> _Problem requirements_:
Print the data that follows word for word, leaving out any picture.

> _Supplied data_:
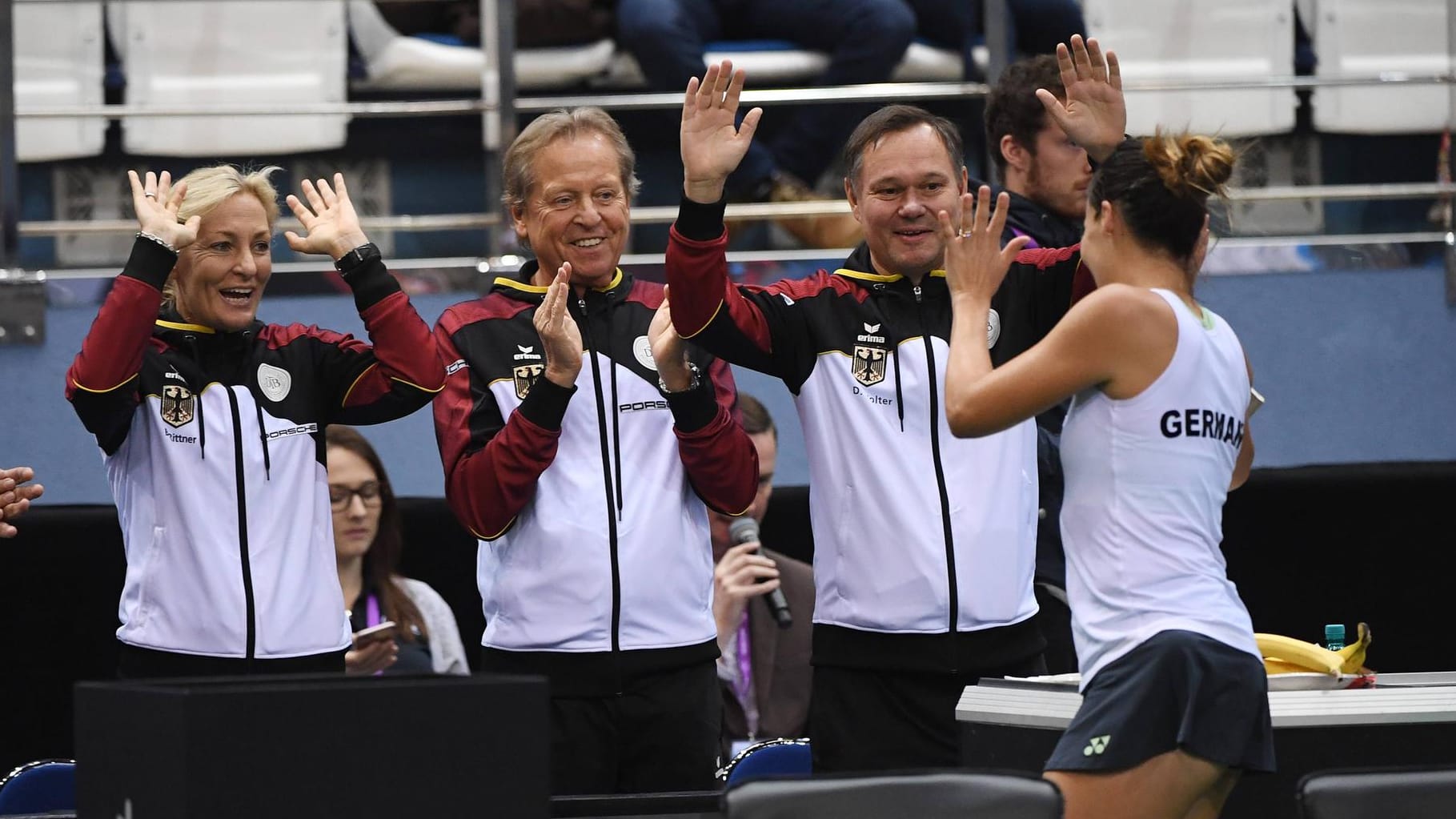 Die deutschen Trainer gratulieren Tatjana Maria (r.) zu ihrem Sieg.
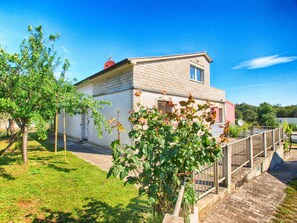 Property grounds - Holiday apartment with air conditioning (Premantura)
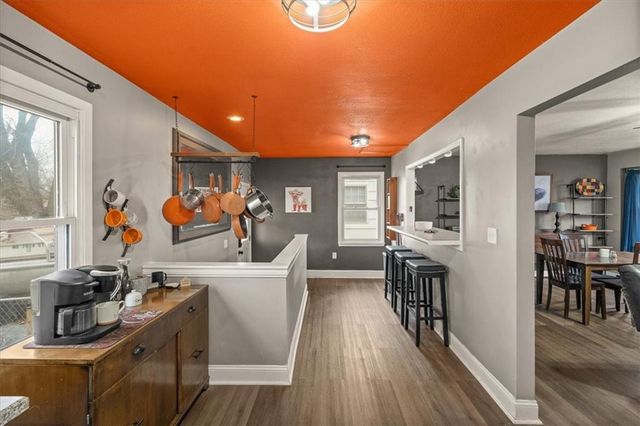 12502 E 33rd Street S, Independence, MO 64055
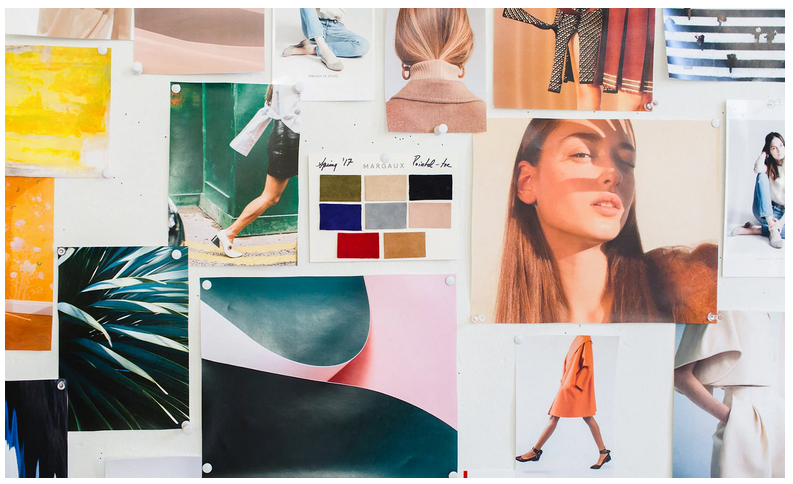 Imagem que mostra um moodboard caótico, com diversas imagens impressas coladas em uma parede ou mural.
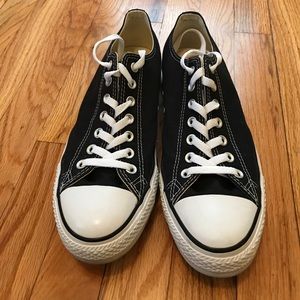 Black converse all star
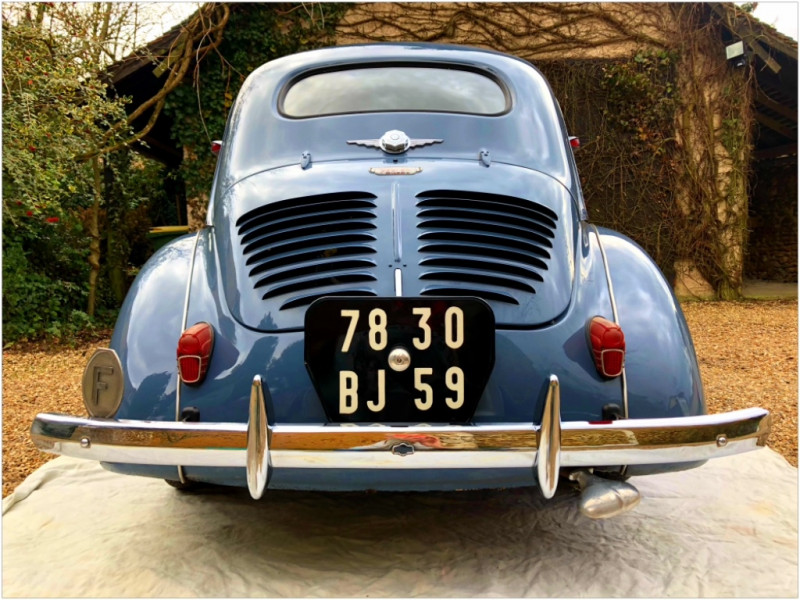 
                                                Voiture
                                                 RENAULT 4CV 1956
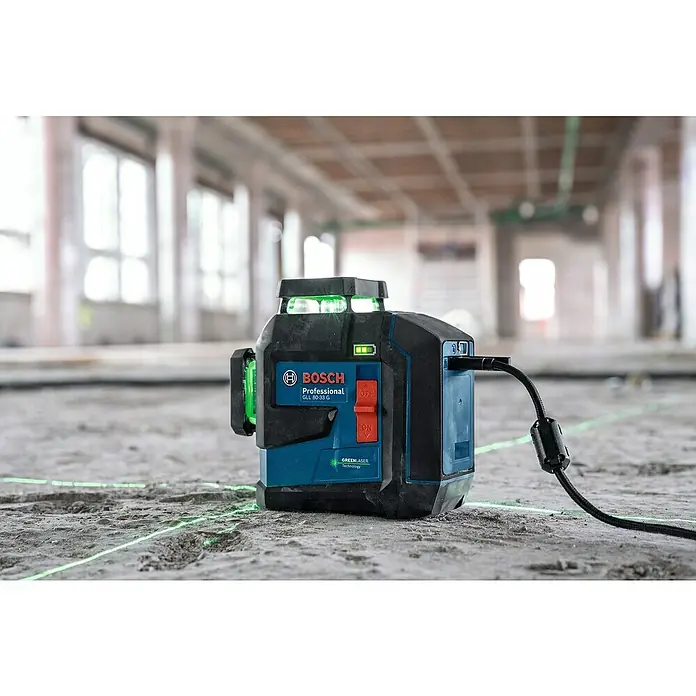 Bosch Professional Linienlaser GLL 80-33 G - 5 -tlg., Max. Arbeitsbereich: 0 m - 30 m - Bosch GLL 80-33 G Professional Linienlaser mit grünen Laserlinien für präzise Nivellierung, ideal für Bau- und Ausbauarbeiten.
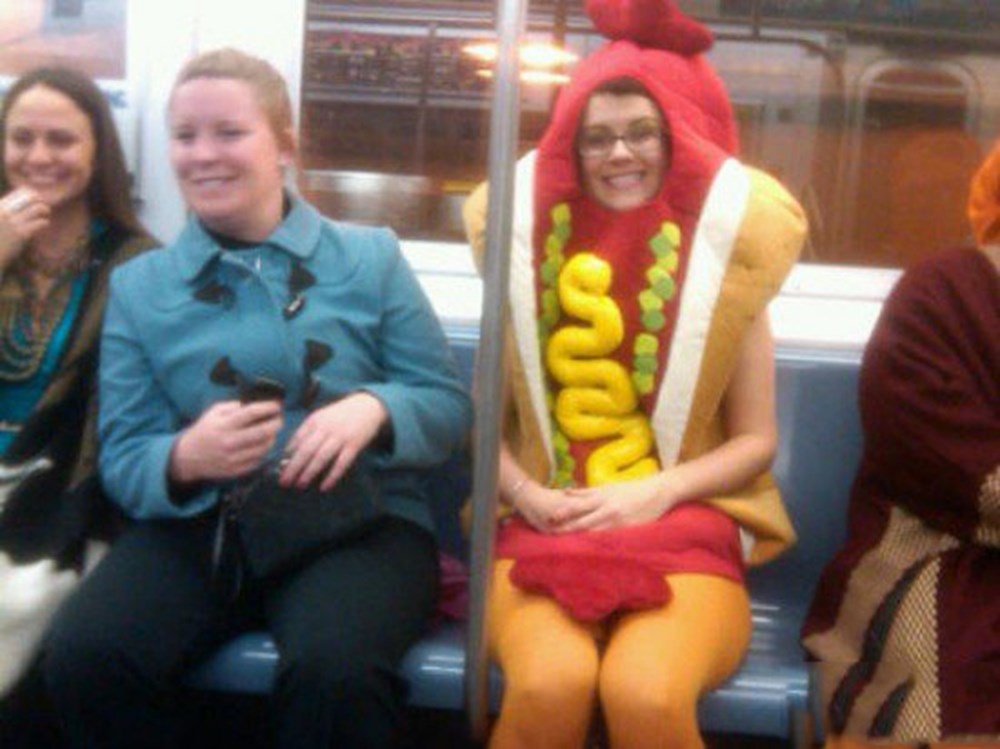 смешные люди в метро. смешные модники. немного странный человек. модники в метро. модники московского метро.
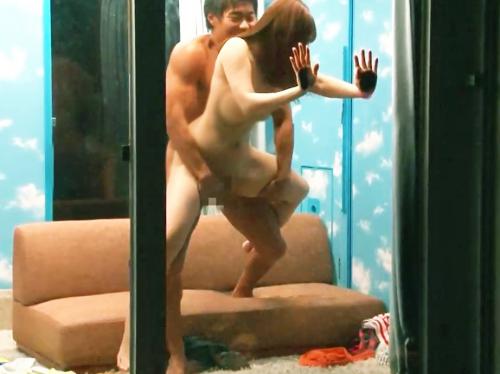 ＜逆転マジックミラー号＞美少女が生SEX…ゴム無しで種付け膣内発射！MM号の外からも精子ぶっかけられたギャルｗ＜素人娘＞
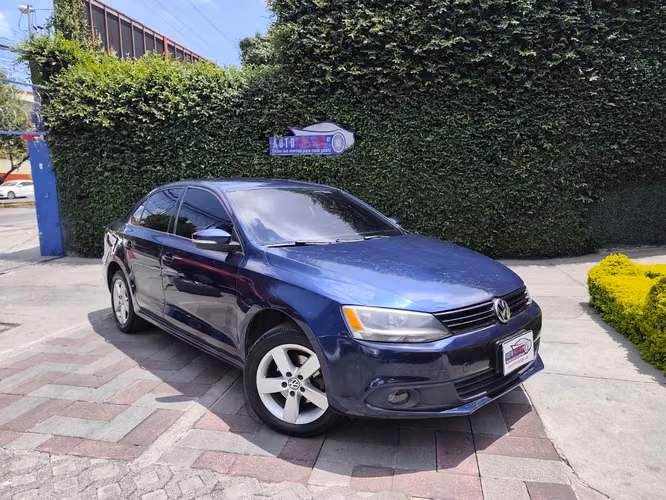Volkswagen Jetta Modelo 2014 - Imagen 2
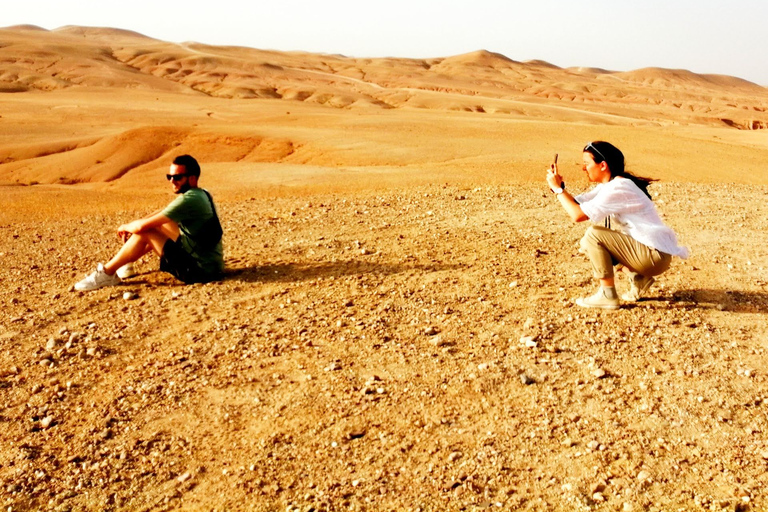 Cena-espectáculo mágica y paseo en camello por el desierto de Agafay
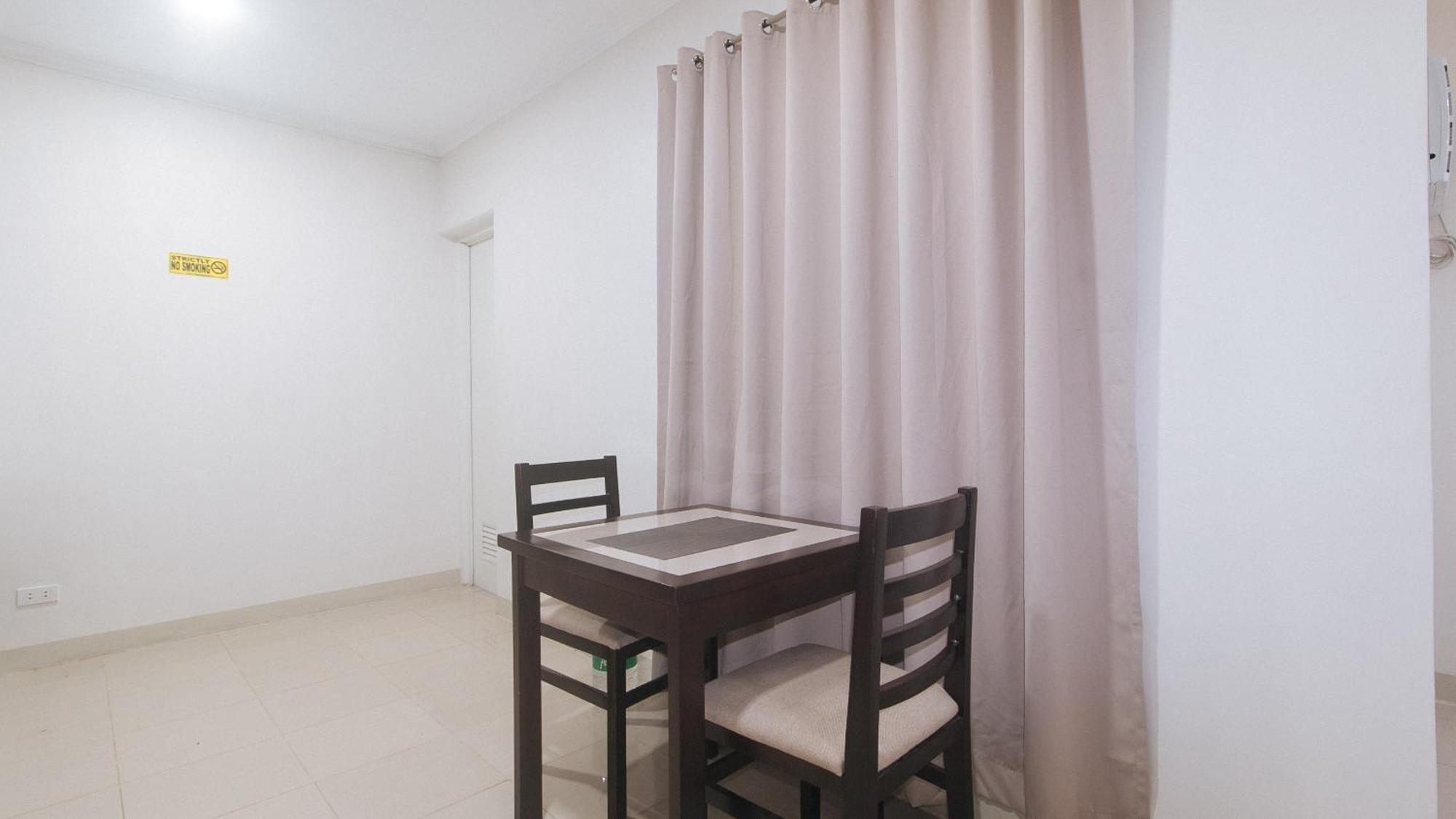 Urbanview At Evangelista Street Makati Makati City Екстериор снимка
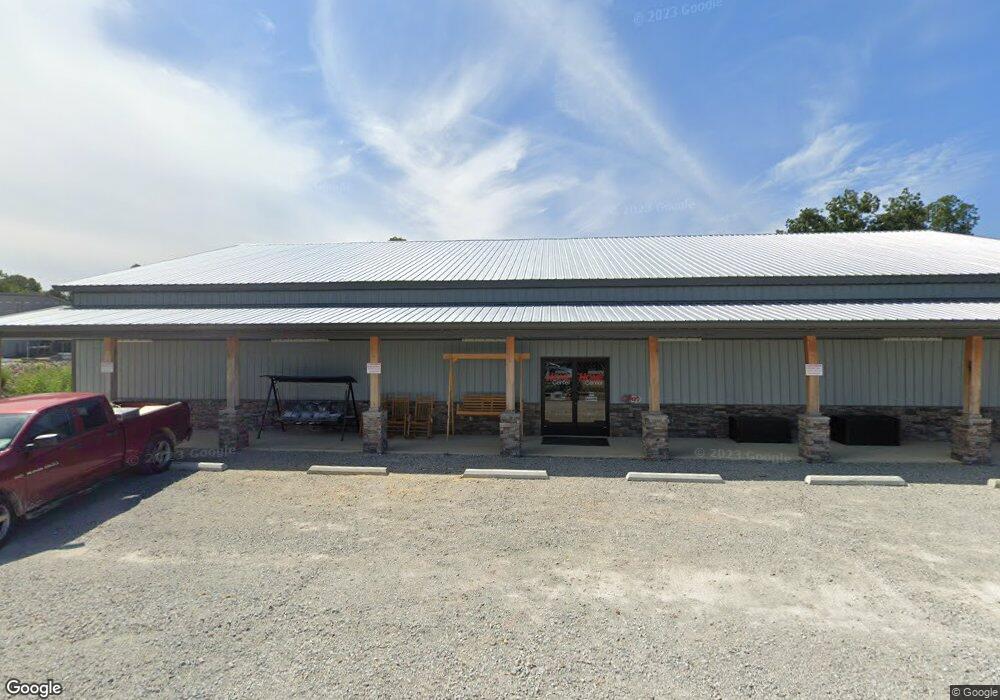 415 Cedar Dr, Linden, TN 37096 - photo 1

> _Response area_:
 Die deutschen Trainer gratulieren Tatjana Maria (r.) zu ihrem Sieg.
 Property grounds - Holiday apartment with air conditioning (Premantura)
 12502 E 33rd Street S, Independence, MO 64055
 Imagem que mostra um moodboard caótico, com diversas imagens impressas coladas em uma parede ou mural.
 Black converse all star
                                                Voiture
                                                 RENAULT 4CV 1956
 Bosch Professional Linienlaser GLL 80-33 G - 5 -tlg., Max. Arbeitsbereich: 0 m - 30 m - Bosch GLL 80-33 G Professional Linienlaser mit grünen Laserlinien für präzise Nivellierung, ideal für Bau- und Ausbauarbeiten.
 смешные люди в метро. смешные модники. немного странный человек. модники в метро. модники московского метро.
 ＜逆転マジックミラー号＞美少女が生SEX…ゴム無しで種付け膣内発射！MM号の外からも精子ぶっかけられたギャルｗ＜素人娘＞
Volkswagen Jetta Modelo 2014 - Imagen 2
 Cena-espectáculo mágica y paseo en camello por el desierto de Agafay
 Urbanview At Evangelista Street Makati Makati City Екстериор снимка
 415 Cedar Dr, Linden, TN 37096 - photo 1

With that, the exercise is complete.